HSBC Islamic index

Asalamu Alaykum Warahmatullahi Wabarakatuh. I hope this message reaches everyone in the best of Emaan and health. I’m a complete beginner with investing and I was wondering how the HSBC Islamic Global Equity Index Fund BD GBP is calculated with a 25.96% annual return? Also how likely is it to achieve this return.
JazakAllah Khayr

W Salam Abdul Samee

We all started as beginners once upon a time, and you are definitely moving in the right direction alhamdullillah.

To answer your two questions:

  1. The annual return would have been calculated by taking the market price today, and dividing it by the market price from a year ago. Thus giving you an annual capital return.
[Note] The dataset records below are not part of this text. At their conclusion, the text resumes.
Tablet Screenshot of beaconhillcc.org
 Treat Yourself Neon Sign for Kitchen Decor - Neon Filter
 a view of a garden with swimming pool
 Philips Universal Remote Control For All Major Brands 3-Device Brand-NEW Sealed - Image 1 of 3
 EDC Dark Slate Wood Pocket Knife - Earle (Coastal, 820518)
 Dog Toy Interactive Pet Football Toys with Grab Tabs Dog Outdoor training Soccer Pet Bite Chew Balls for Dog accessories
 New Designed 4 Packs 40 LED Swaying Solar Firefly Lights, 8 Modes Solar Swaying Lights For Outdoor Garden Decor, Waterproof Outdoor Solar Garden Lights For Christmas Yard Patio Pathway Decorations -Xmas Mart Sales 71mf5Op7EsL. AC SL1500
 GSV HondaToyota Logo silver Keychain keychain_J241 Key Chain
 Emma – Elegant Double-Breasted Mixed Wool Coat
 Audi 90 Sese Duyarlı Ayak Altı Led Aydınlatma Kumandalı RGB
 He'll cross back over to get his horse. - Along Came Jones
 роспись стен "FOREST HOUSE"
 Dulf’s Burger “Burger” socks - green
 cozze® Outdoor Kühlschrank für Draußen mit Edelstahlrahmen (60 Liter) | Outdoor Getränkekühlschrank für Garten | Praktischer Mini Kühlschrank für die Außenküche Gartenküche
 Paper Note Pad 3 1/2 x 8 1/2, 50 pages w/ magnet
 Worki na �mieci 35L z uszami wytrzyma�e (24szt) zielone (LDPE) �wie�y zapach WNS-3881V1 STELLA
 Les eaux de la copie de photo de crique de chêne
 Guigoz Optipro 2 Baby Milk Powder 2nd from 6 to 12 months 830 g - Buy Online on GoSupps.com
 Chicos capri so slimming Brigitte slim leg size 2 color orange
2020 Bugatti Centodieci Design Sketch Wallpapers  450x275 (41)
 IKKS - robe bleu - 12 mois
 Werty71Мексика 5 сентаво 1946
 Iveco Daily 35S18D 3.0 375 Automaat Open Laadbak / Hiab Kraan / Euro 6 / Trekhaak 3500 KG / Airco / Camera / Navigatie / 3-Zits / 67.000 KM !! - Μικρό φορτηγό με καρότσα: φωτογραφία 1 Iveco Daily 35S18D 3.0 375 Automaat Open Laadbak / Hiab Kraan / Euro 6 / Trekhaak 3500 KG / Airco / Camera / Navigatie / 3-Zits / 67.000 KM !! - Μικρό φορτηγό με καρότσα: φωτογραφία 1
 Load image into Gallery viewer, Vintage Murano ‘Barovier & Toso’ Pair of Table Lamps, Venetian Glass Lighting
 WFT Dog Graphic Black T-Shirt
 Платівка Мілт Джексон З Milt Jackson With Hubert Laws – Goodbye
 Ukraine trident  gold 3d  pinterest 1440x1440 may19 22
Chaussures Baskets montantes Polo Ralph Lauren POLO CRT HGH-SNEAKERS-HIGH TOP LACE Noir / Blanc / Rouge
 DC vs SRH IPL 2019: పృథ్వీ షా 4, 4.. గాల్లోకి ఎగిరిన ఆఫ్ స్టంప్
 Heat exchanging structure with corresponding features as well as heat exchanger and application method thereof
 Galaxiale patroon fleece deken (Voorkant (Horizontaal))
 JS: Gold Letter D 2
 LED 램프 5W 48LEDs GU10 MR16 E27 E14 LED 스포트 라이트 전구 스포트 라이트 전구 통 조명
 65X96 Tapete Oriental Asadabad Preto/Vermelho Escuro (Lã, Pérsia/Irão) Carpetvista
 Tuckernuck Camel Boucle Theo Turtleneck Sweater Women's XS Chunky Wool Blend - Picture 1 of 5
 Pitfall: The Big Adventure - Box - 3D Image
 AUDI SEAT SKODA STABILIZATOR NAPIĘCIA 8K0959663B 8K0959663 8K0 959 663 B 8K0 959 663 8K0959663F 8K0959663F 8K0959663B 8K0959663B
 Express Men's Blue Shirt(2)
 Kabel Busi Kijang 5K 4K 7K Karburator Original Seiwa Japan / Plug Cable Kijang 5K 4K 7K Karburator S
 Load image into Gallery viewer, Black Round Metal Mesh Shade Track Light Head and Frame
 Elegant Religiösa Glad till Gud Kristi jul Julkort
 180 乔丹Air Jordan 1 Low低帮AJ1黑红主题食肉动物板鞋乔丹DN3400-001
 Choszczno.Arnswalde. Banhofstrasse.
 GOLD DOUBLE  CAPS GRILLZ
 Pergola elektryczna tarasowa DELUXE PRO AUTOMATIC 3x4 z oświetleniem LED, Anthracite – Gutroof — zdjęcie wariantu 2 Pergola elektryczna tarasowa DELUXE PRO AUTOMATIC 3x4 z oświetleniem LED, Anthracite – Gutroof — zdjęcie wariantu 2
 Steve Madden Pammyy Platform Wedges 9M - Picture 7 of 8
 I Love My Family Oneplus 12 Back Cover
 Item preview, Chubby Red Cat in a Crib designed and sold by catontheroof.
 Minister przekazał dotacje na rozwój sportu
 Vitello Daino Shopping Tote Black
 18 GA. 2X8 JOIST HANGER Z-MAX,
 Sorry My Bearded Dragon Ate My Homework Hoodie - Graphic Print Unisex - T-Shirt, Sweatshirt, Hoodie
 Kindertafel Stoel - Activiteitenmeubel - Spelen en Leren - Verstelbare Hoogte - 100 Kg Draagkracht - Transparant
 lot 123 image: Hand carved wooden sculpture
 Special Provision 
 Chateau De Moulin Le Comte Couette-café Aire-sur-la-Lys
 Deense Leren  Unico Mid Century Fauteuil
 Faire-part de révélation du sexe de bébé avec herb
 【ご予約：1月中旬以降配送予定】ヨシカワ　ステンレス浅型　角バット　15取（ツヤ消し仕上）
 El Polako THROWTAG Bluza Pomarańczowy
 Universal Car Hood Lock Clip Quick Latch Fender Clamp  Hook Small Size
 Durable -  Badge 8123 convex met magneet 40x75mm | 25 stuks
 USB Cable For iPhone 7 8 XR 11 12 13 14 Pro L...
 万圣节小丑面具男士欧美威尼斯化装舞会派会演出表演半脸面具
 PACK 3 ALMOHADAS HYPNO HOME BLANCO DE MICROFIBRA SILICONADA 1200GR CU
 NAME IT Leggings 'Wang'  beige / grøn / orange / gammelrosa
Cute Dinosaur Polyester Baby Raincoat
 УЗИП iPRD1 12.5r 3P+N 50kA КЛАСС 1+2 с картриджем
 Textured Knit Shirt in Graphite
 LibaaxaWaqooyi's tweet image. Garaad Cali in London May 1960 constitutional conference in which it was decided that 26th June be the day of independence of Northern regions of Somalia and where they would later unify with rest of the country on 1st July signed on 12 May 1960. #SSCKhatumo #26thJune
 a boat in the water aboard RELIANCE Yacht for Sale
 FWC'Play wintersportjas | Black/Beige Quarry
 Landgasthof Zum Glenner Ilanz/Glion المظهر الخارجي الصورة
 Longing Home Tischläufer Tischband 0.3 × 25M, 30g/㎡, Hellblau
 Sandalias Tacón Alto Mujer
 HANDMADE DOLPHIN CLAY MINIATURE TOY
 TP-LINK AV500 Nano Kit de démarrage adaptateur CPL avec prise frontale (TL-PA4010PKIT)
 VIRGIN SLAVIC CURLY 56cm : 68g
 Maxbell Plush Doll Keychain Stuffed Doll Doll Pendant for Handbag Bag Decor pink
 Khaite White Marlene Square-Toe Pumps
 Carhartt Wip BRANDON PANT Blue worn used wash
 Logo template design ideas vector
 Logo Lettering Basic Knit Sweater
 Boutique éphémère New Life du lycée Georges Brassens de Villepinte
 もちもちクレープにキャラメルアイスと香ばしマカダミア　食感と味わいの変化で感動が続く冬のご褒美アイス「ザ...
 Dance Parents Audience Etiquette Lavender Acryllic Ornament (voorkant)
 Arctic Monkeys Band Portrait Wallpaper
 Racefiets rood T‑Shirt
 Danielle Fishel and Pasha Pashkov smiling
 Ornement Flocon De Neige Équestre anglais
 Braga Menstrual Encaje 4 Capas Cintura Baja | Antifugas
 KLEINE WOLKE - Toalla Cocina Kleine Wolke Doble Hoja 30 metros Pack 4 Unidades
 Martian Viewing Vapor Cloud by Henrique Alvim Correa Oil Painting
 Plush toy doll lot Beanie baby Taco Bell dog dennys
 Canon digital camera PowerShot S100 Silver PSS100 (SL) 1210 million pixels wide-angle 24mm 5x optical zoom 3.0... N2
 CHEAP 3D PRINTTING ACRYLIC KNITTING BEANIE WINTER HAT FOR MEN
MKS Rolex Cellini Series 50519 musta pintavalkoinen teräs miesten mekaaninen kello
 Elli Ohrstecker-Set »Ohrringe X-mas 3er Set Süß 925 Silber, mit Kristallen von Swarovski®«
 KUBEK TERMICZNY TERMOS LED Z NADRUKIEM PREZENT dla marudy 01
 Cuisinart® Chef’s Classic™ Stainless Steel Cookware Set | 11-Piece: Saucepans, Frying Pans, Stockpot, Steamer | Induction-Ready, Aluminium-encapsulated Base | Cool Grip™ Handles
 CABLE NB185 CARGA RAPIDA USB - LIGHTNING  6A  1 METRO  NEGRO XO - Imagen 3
  2. The likeliness of future returns are difficult to predict. The HSBC Global Equity Index is mainly made up of large cap technology stocks in the US (Apple, Facebook, Google etc.,). This asset class has historically (over the last decade) done very well compared to the rest of the stock market. However, past performance is not an indication of future returns. In general however, the stock market has produced around 5-10% annual returns over a century, even after taking into inflation.

I hope that has answered your question brother. I myself have been an investor in this fund for a couple of years and intend to continue to do so, but only with money that I won’t need for at least a few years. Short term returns can be volatile, but in the long run equities have a track record of being a good place for your capital.



Wonderful reply brother @Shaheak_Choudhury

I would just add that any market weighted global index will have a tilt to tech sector and also to USA so its not just HSBC fund. If you Search couple of other conventional global equity index, directionally they should have the similar concentration as HSBC islamic fund.

I sometimes hear that HSBC is tech and US heavy. This is because US is the biggest economy of the world and tech companies have a very high market valuation. So what one should decide is if they want to stick to passive index investing such as HSBC or try to actively manage by stock picking or picking up sector based funds.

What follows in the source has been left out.